Pharmacokinetic and Pharmacodynamic Analyses of Nafamostat in ECMO Patients: A Comparative Study of Central Vein and ECMO Machine Samples

Abstract Background This study addresses the knowledge gap concerning the optimal dosage adjustment of nafamostat mesylate in extracorporeal membrane oxygenation (ECMO) by investigating its pharmacokinetics/pharmacodynamics properties. Specifically, we examine the exposure-response relationship between nafamostat concentration and activated partial thromboplastin time (aPTT) in ECMO patients. Methods Prospectively, 24 patients were enrolled in this study. Nafamostat infusion was administered continuously through a dedicated stopcock in the drainage pathway before the ECMO pump, starting at 15 mg/h. The maintenance dose of nafamostat was adjusted to maintain the target aPTT range of 40 to 80 seconds. Blood samples were collected from both the patient's central venous catheter and the ECMO circuit. Pharmacokinetics/pharmacodynamics analyses were performed using a nonlinear mixed effects model. Results The time-varying nafamostat concentrations measured from patient catheter and ECMO circuit were best described by a two-compartment model. In the patient model, the clearance was 189 L/h, and the steady-state volume of distribution was 62.01 L. In the ECMO model, the clearance was 85.2 L/h, and the steady-state volume of distribution was 40.63 L. The mechanism by which the anticoagulant effect of nafamostat increased aPTT in both models was well explained by a turnover model in which increasing concentration of nafamostat inhibited the decrease in aPTT. In the patient model, nafamostat was found to decrease the rate constant for aPTT reduction by up to 35.5%, with an IC50 of 350 µg/L. In the ECMO model, nafamostat was observed to decrease the rate constant for aPTT reduction by up to 43.6%, with an IC50 of 581 µg/L. Conclusions When developing the pharmacokinetics/pharmacodynamics model of nafamostat using patient and ECMO samples, we employed two-compartment and turnover models for pharmacokinetics and pharmacodynamics, respectively.

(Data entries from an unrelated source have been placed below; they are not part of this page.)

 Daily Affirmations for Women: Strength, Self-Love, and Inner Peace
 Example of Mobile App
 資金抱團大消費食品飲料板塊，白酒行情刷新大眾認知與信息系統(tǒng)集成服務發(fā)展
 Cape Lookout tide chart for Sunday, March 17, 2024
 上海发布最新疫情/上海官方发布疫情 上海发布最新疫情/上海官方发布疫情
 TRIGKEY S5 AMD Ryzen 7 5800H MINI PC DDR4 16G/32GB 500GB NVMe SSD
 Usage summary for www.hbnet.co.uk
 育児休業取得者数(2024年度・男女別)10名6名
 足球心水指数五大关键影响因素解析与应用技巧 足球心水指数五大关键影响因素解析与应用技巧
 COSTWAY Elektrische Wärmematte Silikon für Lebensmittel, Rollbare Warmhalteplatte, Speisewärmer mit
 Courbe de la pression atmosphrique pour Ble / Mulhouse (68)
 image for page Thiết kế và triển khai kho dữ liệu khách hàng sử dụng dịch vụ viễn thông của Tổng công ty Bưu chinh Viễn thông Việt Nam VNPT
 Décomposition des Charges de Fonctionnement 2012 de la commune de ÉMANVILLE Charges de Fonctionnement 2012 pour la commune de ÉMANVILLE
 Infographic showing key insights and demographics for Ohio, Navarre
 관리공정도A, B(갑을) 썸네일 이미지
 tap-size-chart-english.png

Notably, there were substantial differences in the estimated parameter values. Considering the substantial interindividual variability observed in the pharmacokinetics/pharmacodynamics of nafamostat, the development of a highly predictive model that incorporates relevant covariates and considers the sampling site holds great promise in achieving desired anticoagulant effects, particularly in ECMO-treated patients who are at a heightened risk of bleeding.